_WORK REQUIRED_. Send back the data below exactly. Drop every picture.

(Crawled caption data)
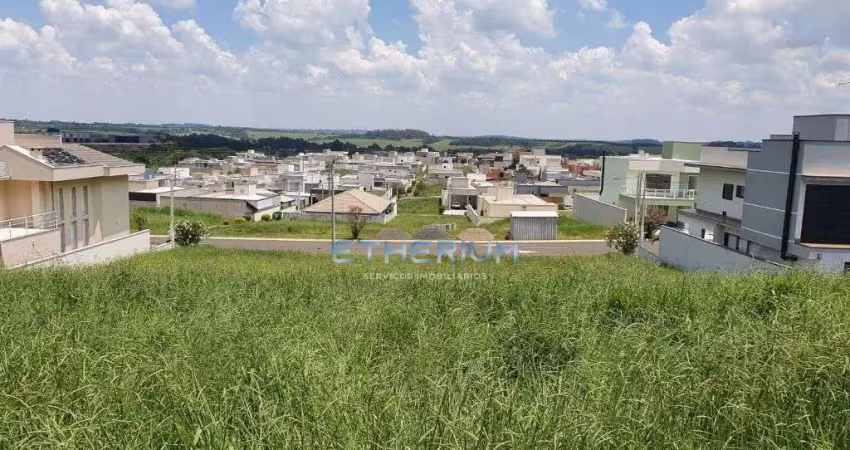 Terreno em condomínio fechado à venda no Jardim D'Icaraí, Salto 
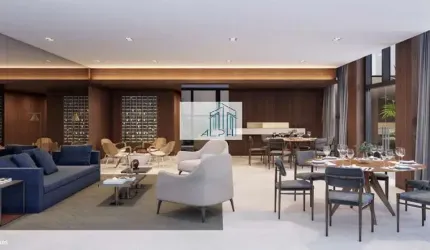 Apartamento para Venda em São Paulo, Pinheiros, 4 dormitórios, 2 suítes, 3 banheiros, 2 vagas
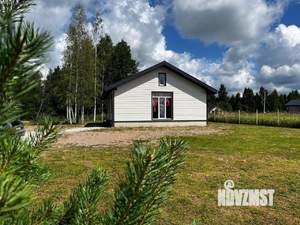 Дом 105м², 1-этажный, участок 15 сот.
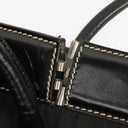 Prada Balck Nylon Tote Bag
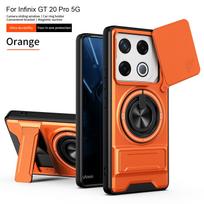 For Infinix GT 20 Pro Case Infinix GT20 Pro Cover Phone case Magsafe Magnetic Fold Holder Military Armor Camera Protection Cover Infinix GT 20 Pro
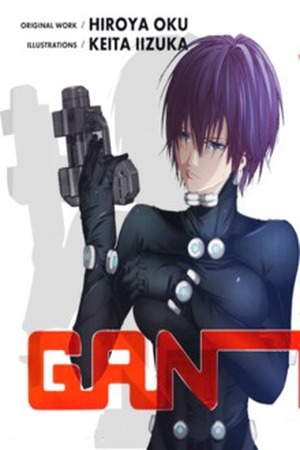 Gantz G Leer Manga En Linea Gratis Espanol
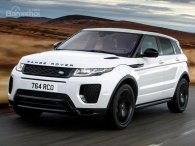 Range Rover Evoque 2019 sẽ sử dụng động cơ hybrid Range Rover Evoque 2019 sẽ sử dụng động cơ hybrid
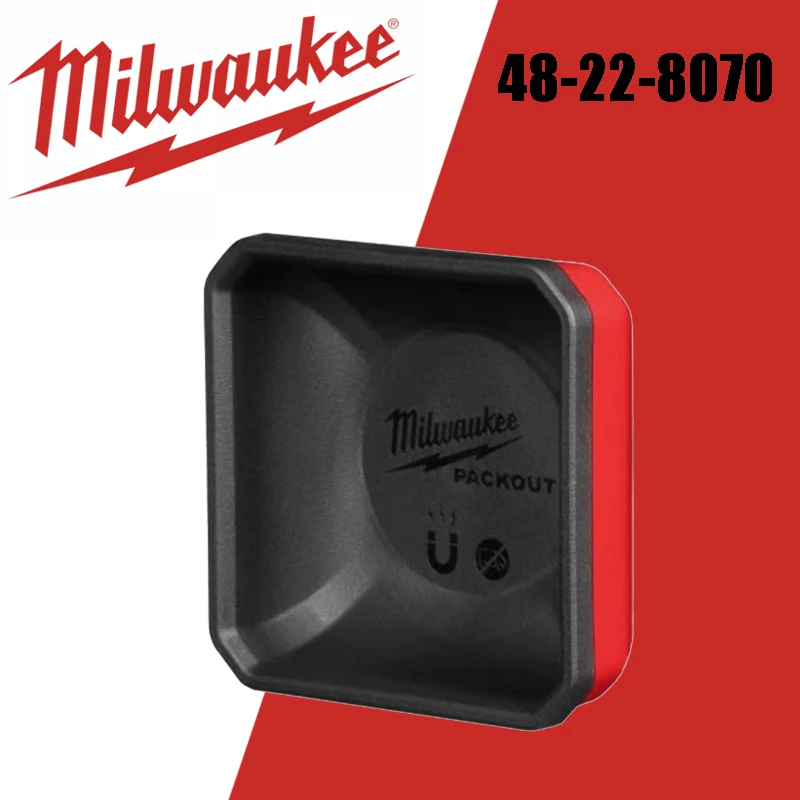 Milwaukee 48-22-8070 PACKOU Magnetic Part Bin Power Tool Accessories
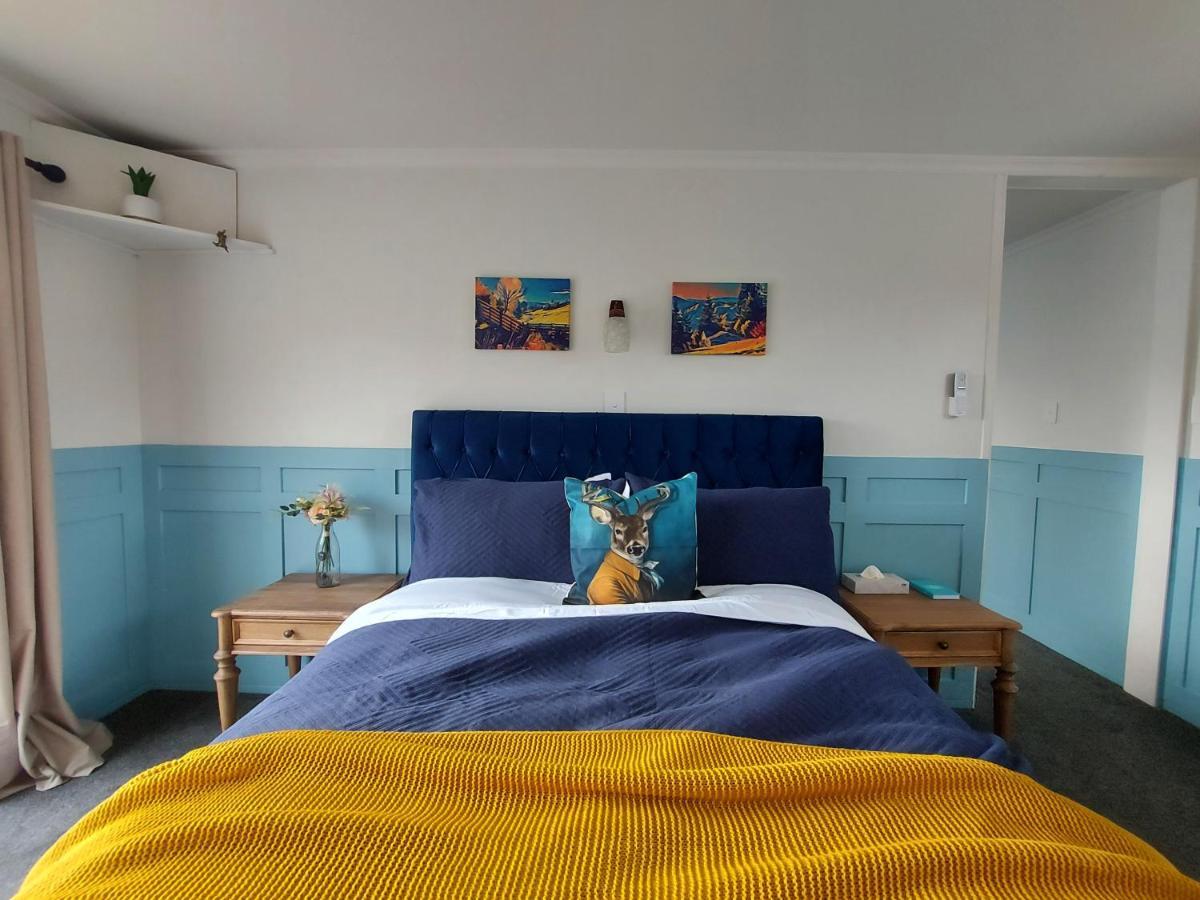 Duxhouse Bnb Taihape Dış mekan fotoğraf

_ANSWER FOR THE TASK_.
 Terreno em condomínio fechado à venda no Jardim D'Icaraí, Salto 
 Apartamento para Venda em São Paulo, Pinheiros, 4 dormitórios, 2 suítes, 3 banheiros, 2 vagas
 Дом 105м², 1-этажный, участок 15 сот.
 Prada Balck Nylon Tote Bag
 For Infinix GT 20 Pro Case Infinix GT20 Pro Cover Phone case Magsafe Magnetic Fold Holder Military Armor Camera Protection Cover Infinix GT 20 Pro
 Gantz G Leer Manga En Linea Gratis Espanol
 Range Rover Evoque 2019 sẽ sử dụng động cơ hybrid Range Rover Evoque 2019 sẽ sử dụng động cơ hybrid
 Milwaukee 48-22-8070 PACKOU Magnetic Part Bin Power Tool Accessories
 Duxhouse Bnb Taihape Dış mekan fotoğraf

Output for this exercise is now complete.